Page 1 of 1

Ways to compare two or more strings

Posted: Mon May 27, 2013 1:32 am
by archer2009BUSknbj
is there a way to compare two strings to see how many words they have in common

for example

a="apples pears oranges"

b="apples sultanas strawberries pears"

so they have 2 things in common

is there a command that will let you know how many things are in common or a simple way to work it out?

Re: Ways to compare two or more strings

Posted: Mon May 27, 2013 1:44 am
by sturgis
Since your lists are space separated, it should be easy to use word chunking to do the check.
Here is 1 way.

Code: Select all

put "apples pears oranges" into a -- would make sense to compare word length and use the shortest list to iterate through for speed purposes
-- in this case, just using the a list since I know its the shortest.


put "apples sultanas strawberries pears" into b

set the wholematches to true -- so that apple will not match apples.  

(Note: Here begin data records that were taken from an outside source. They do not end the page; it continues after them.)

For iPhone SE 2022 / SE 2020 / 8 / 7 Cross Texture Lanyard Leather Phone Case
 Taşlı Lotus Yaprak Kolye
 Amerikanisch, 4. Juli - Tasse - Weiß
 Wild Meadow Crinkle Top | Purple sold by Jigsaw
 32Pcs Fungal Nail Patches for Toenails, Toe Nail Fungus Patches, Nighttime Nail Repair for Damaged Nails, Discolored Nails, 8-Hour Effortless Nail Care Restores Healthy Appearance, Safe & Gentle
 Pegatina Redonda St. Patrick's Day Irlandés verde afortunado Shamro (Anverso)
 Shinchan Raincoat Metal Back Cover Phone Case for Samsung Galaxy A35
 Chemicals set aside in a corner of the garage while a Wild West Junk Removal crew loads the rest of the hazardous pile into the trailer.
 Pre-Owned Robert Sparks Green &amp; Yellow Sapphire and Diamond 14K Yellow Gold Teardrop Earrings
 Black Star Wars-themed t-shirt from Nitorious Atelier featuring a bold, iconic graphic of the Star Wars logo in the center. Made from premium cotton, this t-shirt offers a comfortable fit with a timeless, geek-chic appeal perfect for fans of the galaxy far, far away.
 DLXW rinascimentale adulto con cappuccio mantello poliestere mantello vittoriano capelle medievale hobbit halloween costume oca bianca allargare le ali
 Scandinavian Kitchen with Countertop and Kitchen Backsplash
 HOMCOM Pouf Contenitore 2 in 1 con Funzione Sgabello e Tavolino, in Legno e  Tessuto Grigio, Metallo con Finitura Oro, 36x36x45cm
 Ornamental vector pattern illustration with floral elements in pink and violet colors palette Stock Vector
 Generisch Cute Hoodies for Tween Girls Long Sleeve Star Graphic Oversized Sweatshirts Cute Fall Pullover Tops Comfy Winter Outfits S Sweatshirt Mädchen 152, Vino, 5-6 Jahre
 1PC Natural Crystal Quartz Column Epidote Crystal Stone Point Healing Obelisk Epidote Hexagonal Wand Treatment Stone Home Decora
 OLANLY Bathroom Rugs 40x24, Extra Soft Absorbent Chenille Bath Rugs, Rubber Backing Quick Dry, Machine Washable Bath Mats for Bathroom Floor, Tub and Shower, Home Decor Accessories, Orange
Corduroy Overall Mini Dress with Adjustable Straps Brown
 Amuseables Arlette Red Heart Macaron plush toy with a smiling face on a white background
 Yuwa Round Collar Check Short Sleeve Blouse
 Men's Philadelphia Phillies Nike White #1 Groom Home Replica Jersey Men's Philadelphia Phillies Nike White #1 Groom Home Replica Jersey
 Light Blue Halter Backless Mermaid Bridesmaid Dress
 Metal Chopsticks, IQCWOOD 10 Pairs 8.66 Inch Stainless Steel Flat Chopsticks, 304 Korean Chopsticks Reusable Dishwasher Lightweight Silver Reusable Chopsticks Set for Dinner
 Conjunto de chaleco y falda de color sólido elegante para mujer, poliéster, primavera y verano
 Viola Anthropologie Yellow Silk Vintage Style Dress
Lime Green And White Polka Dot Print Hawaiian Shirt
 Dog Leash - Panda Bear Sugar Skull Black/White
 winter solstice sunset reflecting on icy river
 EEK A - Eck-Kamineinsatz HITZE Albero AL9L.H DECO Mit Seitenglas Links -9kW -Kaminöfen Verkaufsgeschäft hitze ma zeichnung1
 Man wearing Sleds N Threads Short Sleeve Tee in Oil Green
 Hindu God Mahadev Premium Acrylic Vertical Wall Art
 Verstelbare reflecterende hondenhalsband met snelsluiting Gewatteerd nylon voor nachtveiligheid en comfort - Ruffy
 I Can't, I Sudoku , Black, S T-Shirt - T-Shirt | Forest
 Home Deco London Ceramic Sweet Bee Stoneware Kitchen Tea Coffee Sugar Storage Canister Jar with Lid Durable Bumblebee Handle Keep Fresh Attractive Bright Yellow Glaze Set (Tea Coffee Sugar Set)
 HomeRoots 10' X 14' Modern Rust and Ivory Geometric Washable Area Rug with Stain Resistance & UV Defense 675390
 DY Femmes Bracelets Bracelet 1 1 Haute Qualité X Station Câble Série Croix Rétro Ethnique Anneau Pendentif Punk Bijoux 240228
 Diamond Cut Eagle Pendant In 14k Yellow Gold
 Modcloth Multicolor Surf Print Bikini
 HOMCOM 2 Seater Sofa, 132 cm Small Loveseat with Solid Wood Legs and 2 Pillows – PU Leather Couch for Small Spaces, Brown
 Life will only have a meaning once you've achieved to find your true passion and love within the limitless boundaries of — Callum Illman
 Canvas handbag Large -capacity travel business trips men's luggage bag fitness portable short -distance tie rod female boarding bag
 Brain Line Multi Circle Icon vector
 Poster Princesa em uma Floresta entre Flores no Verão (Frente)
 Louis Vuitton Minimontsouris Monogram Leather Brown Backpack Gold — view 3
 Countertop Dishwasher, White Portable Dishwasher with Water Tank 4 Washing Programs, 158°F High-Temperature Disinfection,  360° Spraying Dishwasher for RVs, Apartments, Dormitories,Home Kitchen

-- go through each word contained in variable a. 
repeat for each word tWord in a
-- if the word we're looking for (tword) is in variable b, the result of the function will be the location (word number) in b
-- where the word appears.  If its 0 there was no match.  If its > 0 there was a match so tack the found word on to the list
 if wordoffset(tWord,b) > 0 then then put tWord & comma after tCommon
end repeat
-- get rid of the trailing comma
delete the last char of tCommon
put tCommon -- put the list of matches into the msg box. 

Re: Ways to compare two or more strings

Posted: Mon May 27, 2013 1:25 pm
by bn
Hi Sturgis,

I know you like this stuff...

This gave me the opportunity to test the new LiveCode split command variant "as set"

Code: Select all

on mouseUp
   put "apples sultanas strawberries pears" into tData1
   put "apples pears oranges" into tData2
   split tData1 by space as set -- needs LC 6.0 to work
   split tData2 by space as set -- needs LC 6.0 to work
   intersect tData1 with tData2
   combine tData1 with space as set -- needs LC 6.0 to work
   put tData1
end mouseUp
Kind regards
Bernd

Re: Ways to compare two or more strings

Posted: Mon May 27, 2013 1:40 pm
by sturgis
Hmm. It works with 5.5.4 too! An undocumented feature apparently. Going to try it with 5.5.1... Ok, 5.5.1 doesn't work, 5.5.2 does. Didn't bother to check 5.5.3. I like it when new stuff shows up! Thx for pointing me the right way, sure makes it easy to do the comparison.

Re: Ways to compare two or more strings

Posted: Mon May 27, 2013 1:50 pm
by bn
I actually always wanted to try intersect....

here is the version that works with all versions of Livecode/Revolution

Code: Select all

on mouseUp
   put "apples sultanas strawberries pears" into tData1
   put "apples pears oranges" into tData2
   repeat for each word aWord in tData1
      add 1 to tArray1[aWord] -- here you also count the number of occurences of the word, not used here
   end repeat
   repeat for each word aWord in tData2
      add 1 to tArray2[aWord] -- here you also count the number of occurences of the word, not used here
   end repeat
   intersect tArray1 with tArray2
   put the keys of tArray1
end mouseUp
BTW I am not shure which version is faster, wordOffset is very very fast. Arrays always have an overhead.

Kind regards
Bernd

Re: Ways to compare two or more strings

Posted: Mon May 27, 2013 2:11 pm
by sturgis
Would need a much much bigger set to check before any speed differences would matter. Also, checked the 5.5.2 release notes, not a word about "as set" yet it is there. Not that i'm complaining.

There was also a discussion on the list about "skip lists," I wonder if/how split lists could be applied to a problem like this.

EDIT: Ok, so 5.5.3 works, 5.5.2 fails. :) It must be morning.